▶ DATA TO EXAMINE:
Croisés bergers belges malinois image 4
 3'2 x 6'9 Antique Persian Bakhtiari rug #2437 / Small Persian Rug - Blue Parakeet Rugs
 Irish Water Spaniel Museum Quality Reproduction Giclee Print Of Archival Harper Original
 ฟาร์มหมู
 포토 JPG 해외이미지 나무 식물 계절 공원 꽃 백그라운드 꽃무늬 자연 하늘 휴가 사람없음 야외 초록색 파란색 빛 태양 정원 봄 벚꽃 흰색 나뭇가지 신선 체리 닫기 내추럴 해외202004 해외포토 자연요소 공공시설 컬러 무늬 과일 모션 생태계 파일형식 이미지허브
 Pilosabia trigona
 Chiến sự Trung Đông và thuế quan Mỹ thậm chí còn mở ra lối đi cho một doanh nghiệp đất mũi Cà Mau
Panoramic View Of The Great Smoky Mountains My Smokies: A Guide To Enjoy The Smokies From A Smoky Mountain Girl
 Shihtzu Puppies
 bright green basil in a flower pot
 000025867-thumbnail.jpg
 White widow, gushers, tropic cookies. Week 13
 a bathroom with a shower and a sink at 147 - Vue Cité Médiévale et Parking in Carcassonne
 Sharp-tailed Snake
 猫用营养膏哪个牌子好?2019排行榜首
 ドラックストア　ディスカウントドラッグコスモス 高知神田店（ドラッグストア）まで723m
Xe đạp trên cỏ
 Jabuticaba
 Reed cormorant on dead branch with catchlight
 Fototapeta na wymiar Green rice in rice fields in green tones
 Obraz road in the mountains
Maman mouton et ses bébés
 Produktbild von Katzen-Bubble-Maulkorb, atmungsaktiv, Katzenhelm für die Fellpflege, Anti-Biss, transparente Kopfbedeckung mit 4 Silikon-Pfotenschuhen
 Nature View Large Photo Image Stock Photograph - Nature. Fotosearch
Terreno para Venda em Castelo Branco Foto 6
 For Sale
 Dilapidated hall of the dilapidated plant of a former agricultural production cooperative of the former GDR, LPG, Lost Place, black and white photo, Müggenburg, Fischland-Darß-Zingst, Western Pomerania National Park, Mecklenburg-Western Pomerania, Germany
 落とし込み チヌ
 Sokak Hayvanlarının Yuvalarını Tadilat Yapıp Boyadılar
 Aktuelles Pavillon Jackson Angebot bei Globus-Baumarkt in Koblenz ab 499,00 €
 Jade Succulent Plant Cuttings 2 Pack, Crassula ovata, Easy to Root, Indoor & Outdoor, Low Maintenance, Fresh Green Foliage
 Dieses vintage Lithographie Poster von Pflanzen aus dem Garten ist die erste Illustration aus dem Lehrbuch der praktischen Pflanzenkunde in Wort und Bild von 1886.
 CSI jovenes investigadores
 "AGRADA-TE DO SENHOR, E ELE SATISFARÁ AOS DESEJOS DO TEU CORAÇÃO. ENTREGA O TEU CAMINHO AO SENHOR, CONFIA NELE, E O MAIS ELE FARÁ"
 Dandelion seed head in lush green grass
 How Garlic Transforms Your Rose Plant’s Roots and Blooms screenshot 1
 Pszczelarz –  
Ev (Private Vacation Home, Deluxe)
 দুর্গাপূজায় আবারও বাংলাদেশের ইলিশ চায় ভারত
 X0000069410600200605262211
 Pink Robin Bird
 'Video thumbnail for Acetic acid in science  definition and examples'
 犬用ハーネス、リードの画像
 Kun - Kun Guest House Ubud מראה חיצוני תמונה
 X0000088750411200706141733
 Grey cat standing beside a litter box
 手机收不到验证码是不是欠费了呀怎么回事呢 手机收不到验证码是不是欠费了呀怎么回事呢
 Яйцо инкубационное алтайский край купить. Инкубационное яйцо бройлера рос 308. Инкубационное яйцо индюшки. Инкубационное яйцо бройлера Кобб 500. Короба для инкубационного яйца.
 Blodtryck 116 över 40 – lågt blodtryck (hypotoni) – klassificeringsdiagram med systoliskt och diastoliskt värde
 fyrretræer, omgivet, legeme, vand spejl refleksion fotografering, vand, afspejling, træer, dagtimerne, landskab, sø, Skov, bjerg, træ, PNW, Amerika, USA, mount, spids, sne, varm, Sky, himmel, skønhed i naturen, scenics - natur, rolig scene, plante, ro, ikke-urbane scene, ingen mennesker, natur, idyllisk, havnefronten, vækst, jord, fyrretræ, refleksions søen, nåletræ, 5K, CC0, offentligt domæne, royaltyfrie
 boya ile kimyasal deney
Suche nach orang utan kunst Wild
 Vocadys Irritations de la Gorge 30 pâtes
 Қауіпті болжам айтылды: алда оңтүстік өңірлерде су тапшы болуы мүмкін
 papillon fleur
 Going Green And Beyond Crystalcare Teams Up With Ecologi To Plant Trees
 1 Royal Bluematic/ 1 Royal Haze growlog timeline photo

▶ BRIEF:
Exactly how many lines in the listing above contain the string "View"? Give the number without comment.

▶ RESULT:
2